Thanks CJ… I'm headed back out there in a bit… Making a set of Jake's Chairs for the back yard right now… wish it looked as 'neat' as those photos right now.


----------



## NedB (Aug 21, 2008)

*Upcoming Projects & Purchases...*

Since moving back into the shop, I've decided that I need to take a good hard look at what I have out there, and determine what I need or want to focus on building.

For example, I've owned a midi lathe for almost 5 years, and have barely turned it on. Mostly because I've yet to learn how to sharpen my tools. I do have a grinder, and I've had a home built wolverine style sharpening jig in progress for awhile now, I just need to build the arm/base that the jig sits in and I'm good to go. Little things like that are what's kept me from finishing it.

Here are some projects and tools I've thought about lately:

Clamping Cauls: I think I'm going to order a set of cauls from Bowclamp.com in the next couple of weeks.

Router Table : This one is another of those 'when I get around tuit' things. I have a Rockler router insert, I just need to build a table insert for my TS and a fence to hang off of the Ridgid ts fence… I've even got a spare fixed router base that fits my PC router… just haven't gotten to it yet.

New Shop Doors:









that shows how poorly I installed the doors a few years ago, needless to say they don't keep all of the weather out of the shop… snow piles up inside and whatnot. Repairing or replacing them is on my very short list of things I want to do. I even have new plywood to do it with:









I still have one corner of my shop yet to finish insulating and sheathing, some of the plywood shown there is intended for that purpose as well.

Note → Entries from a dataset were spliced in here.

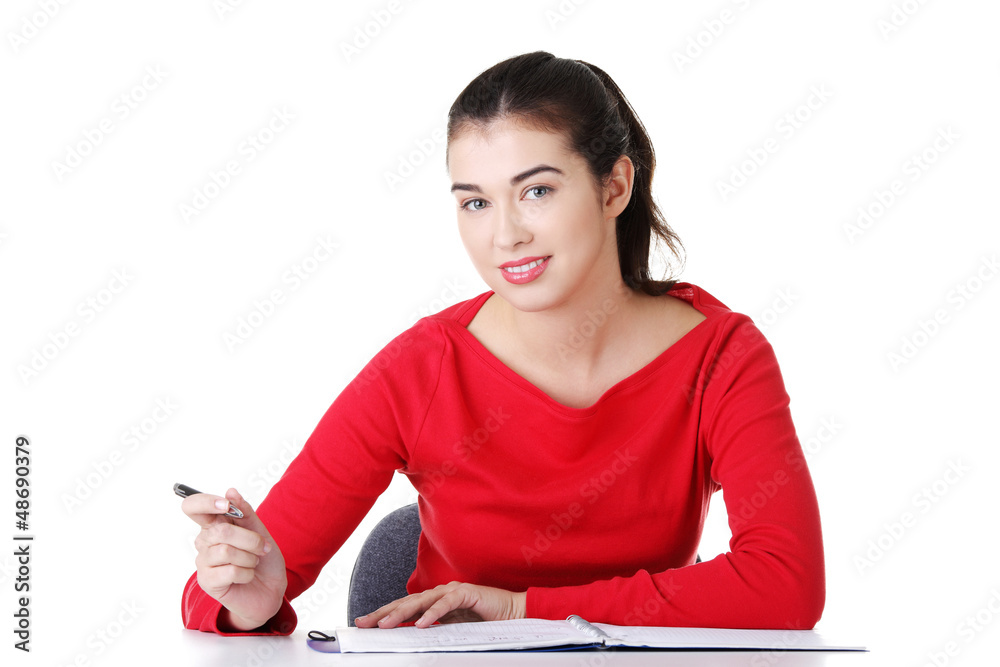 Adult student woman learnig at the desk Adult student woman learnig at the desk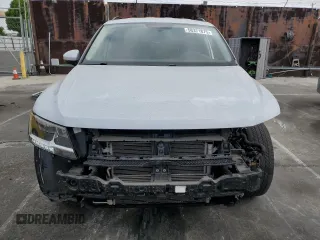 2018 Volkswagen Tiguan S with VIN 3VV1B7AXXJM013468, listed as a Copart auction lot 58371875 with 61,464 mi miles and Salvage title. Bid and sale history available at DreamBid. Image 5.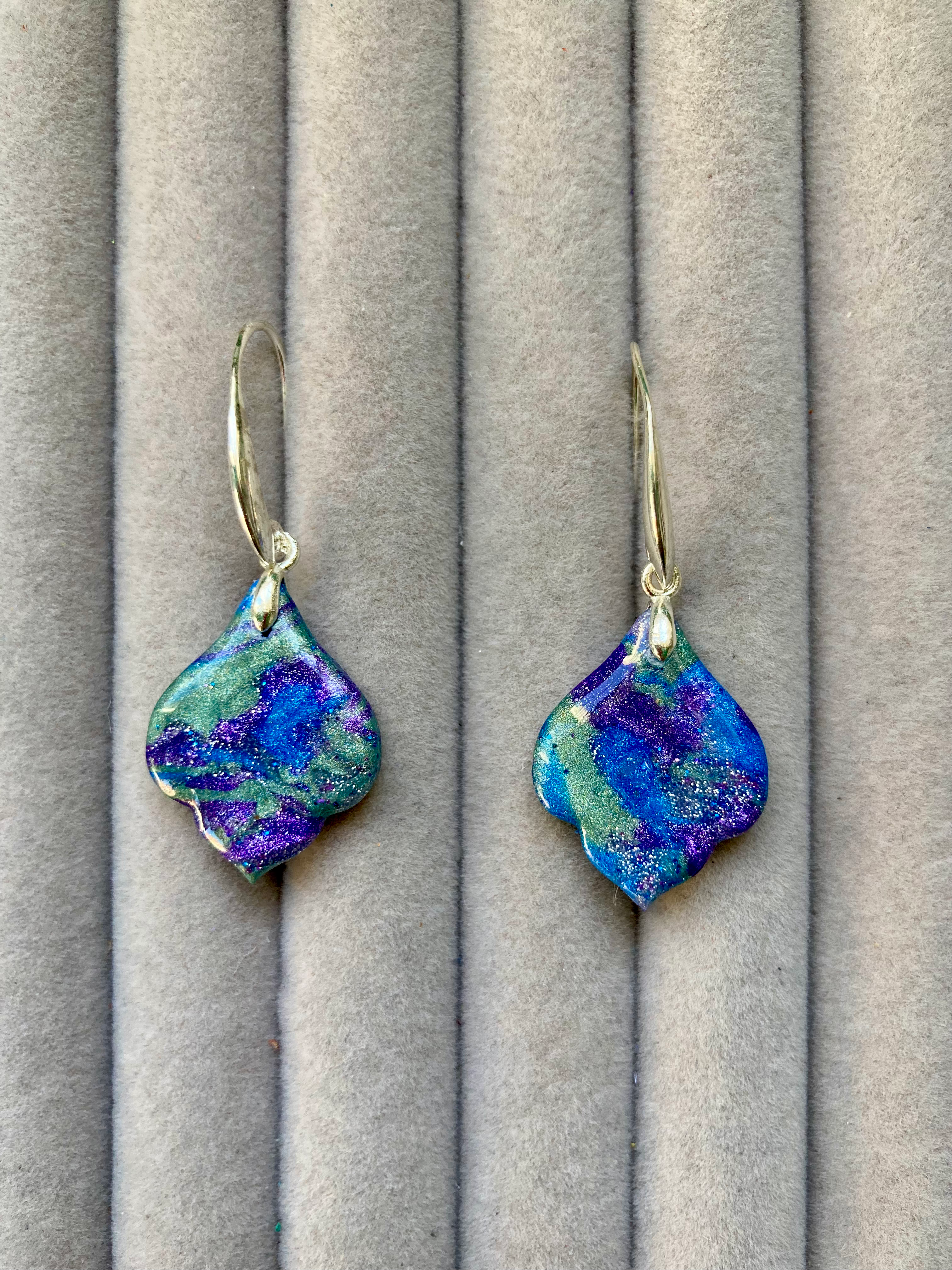 Small elegant leaf earrings in purple, blue and green on hook backs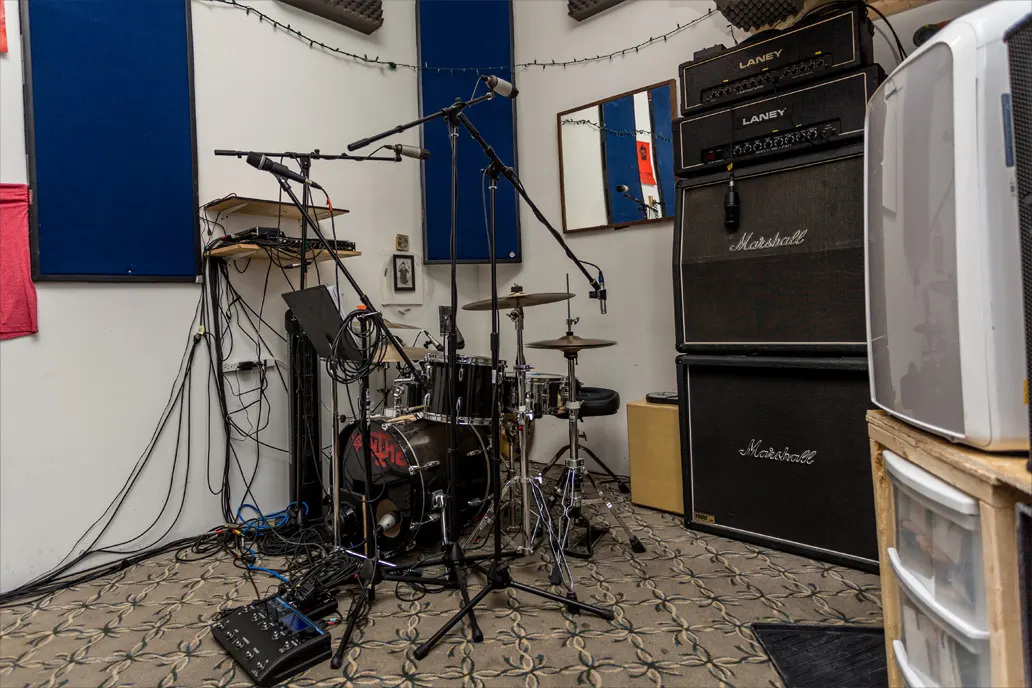 Marsonic rehearsal room with drums, microphones, amps, and cables set up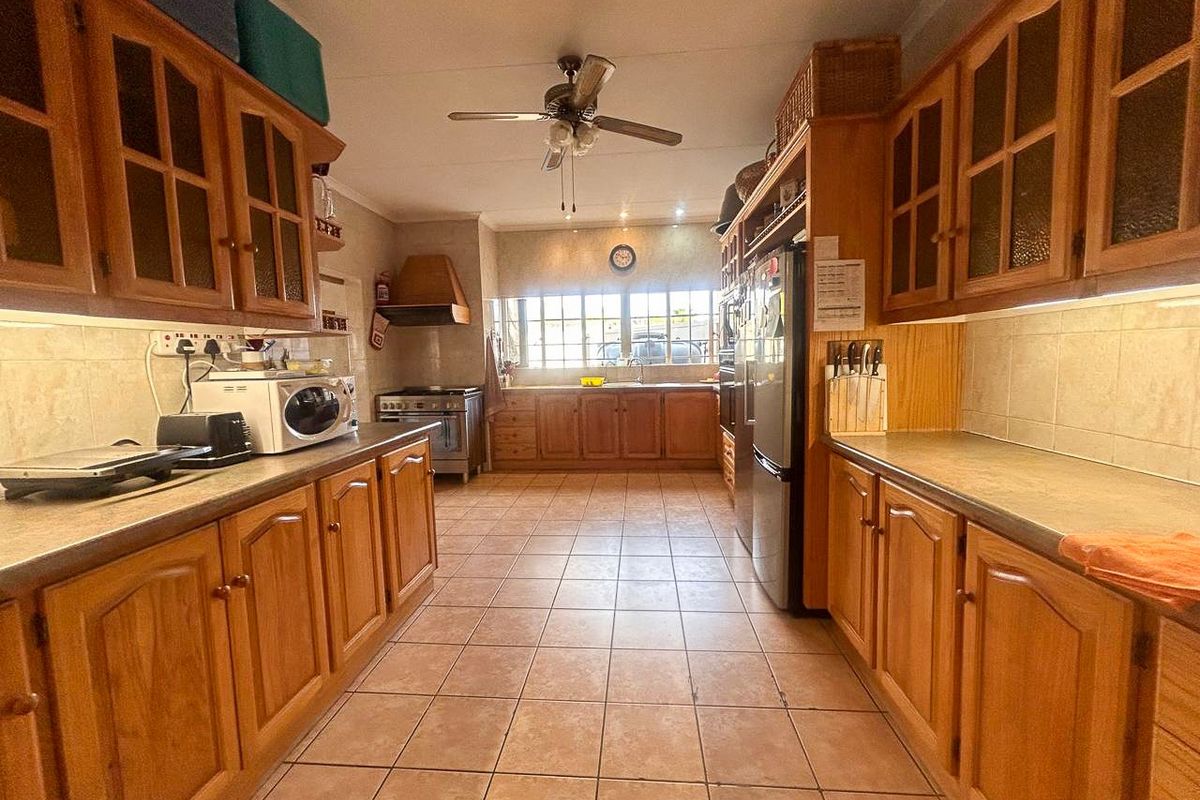 A spacious kitchen featuring extensive wooden cabinetry, tiled flooring, a built-in stove with extractor fan, and ample counter space for meal preparation.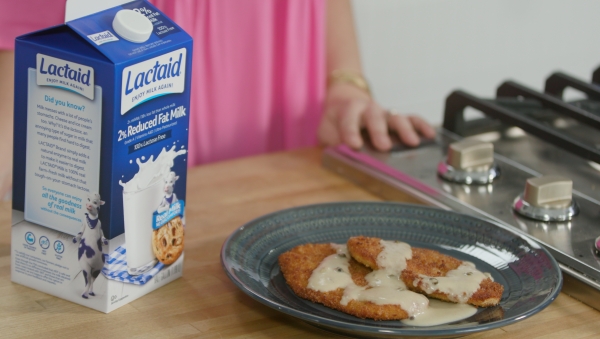 Lactaid 2% Reduced Fat milk next to plate of creamy breaded chicken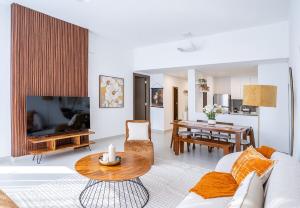 Gorgeous 1 Bed Apartment in Blue Bay Walk في الشارقة: غرفة معيشة مع أريكة وطاولة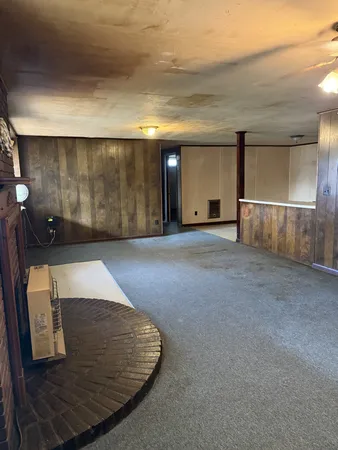 an empty room with wooden floor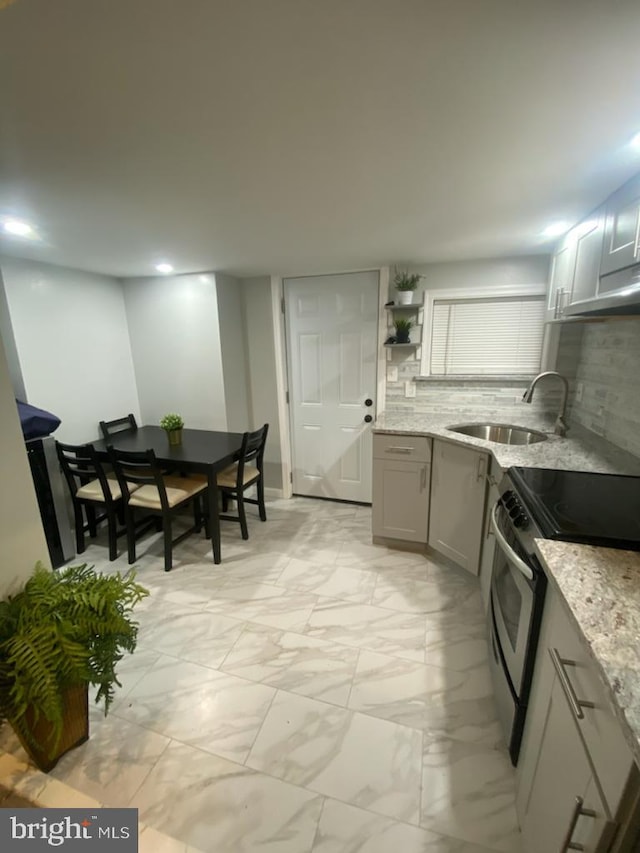 kitchen with sink, backsplash, light stone counters, and stainless steel range with electric stovetop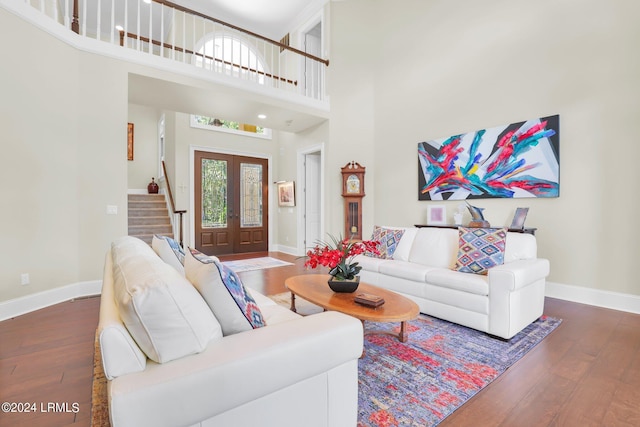 living room with a towering ceiling and dark hardwood / wood-style floors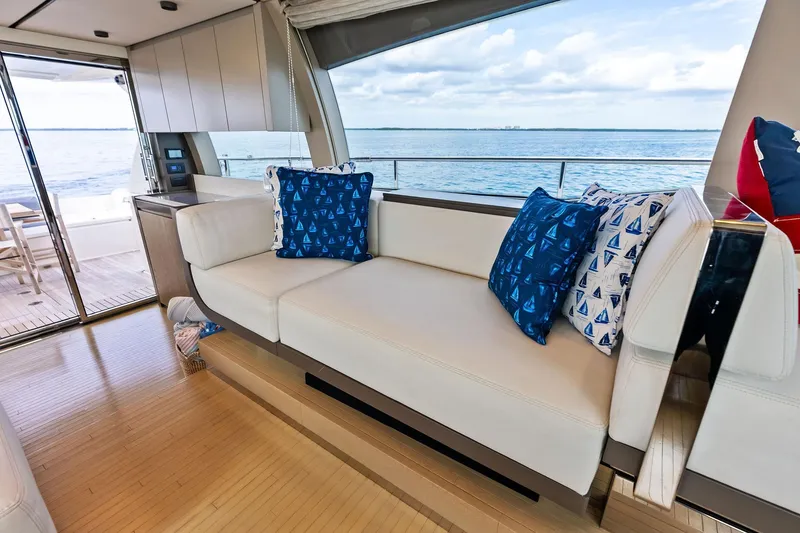 Slide: The Image of Luxurious interior of 2018 Ferretti Yachts 550 with elegant seating and ocean view. - 56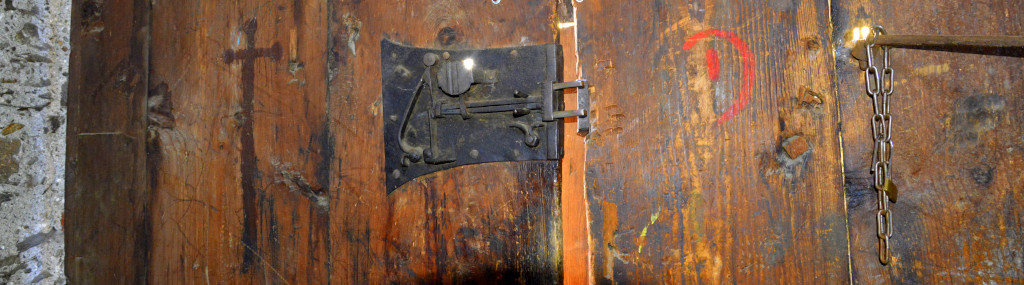 Eine Holztür mit einem schwarzen eisernen Türschloss mit Riegel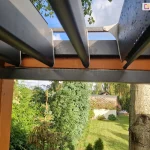 Moduł dachowy SB400 Selt w kolorze antracytowym zamocowany na konstrukcji drewnianej pergoli. Uchylone lamele pokryte kroplami wody ukazują niebieskie, rozsłonecznione niebo. Pod pergolą widoczny ogród z trawnikiem narożnik budynku oraz liczne drzewa i krzewy.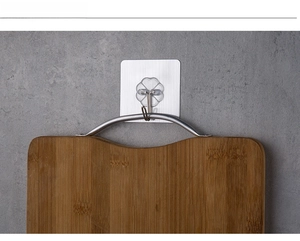 Strong adhesive transparent wall hook holding a wooden cutting board on a tile surface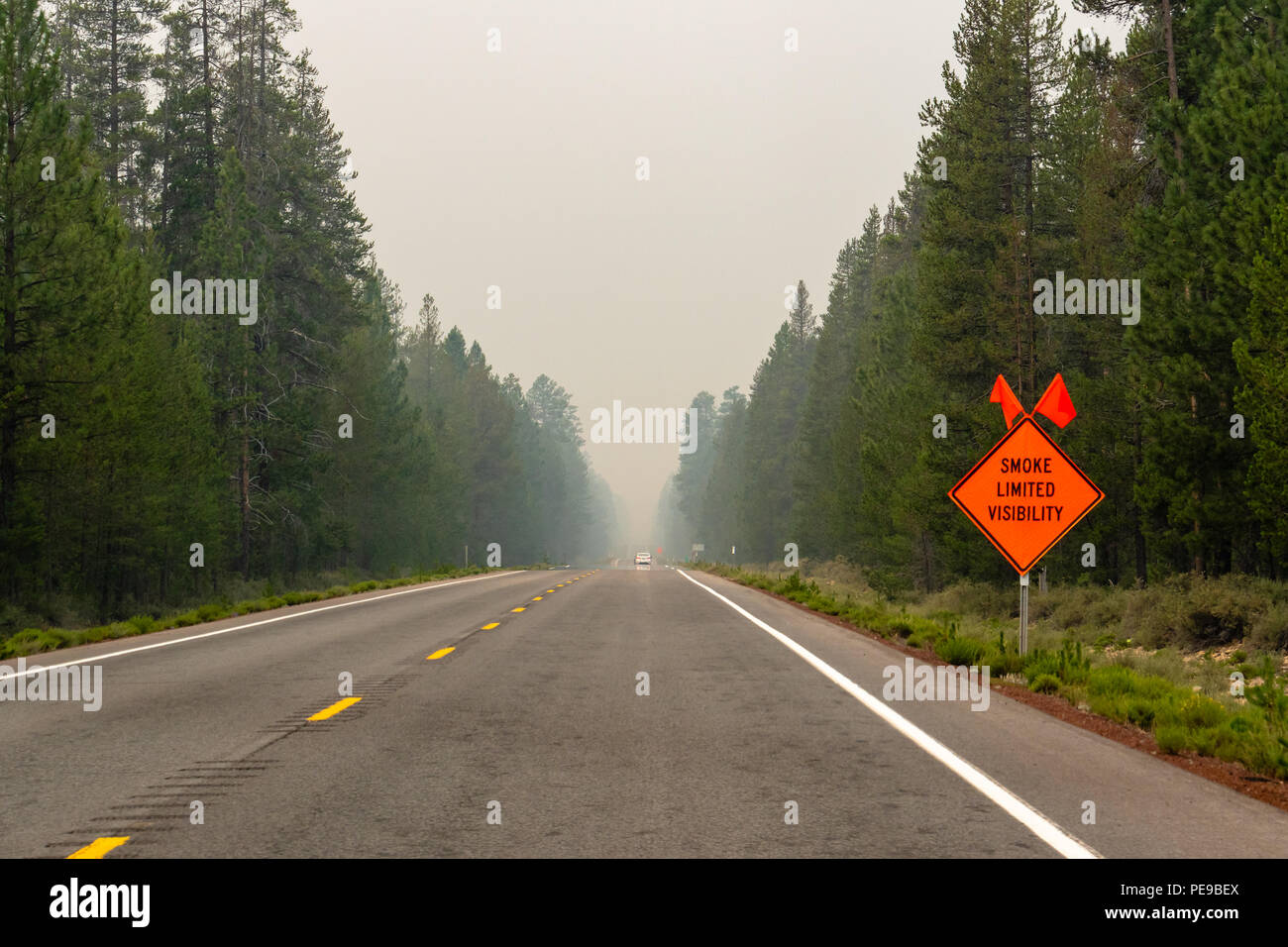 La autopista llena de humo de incendios en el sur de Oregon, firmar al lado de la carretera 'smoke' de visibilidad limitada. Foto de stock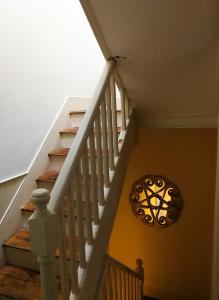 een trap met een witte rail en een kroonluchter bij The Big Bristol House in Bristol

Outfeed table: I think that is going to be a quick build today.. I've been cutting a bunch of long stock, and that's one thing I miss from a long while ago, I share shop space with a buddy of mine, and we had this great outfeed/assembly table in the center of the shop. My space won't allow that sort of permanent fixture, but I'm sure I can squeeze in a knock down version of it. OK enough typing, need to go make some sawdust.

SeeYA!


----------



## patron (Apr 2, 2009)

NedB said:


> *Upcoming Projects & Purchases...*
> 
> Since moving back into the shop, I've decided that I need to take a good hard look at what I have out there, and determine what I need or want to focus on building.
> 
> ...


'from little acorns ….. '

welcome back to the shop


----------



## NedB (Aug 21, 2008)

NedB said:


> *Upcoming Projects & Purchases...*
> 
> Since moving back into the shop, I've decided that I need to take a good hard look at what I have out there, and determine what I need or want to focus on building.
> 
> ...


Thanks David, yep! I keep hacking away at it, a little at a time, and I'm making progress… awfully hot out there today… so I popped in for an internet & ice water break.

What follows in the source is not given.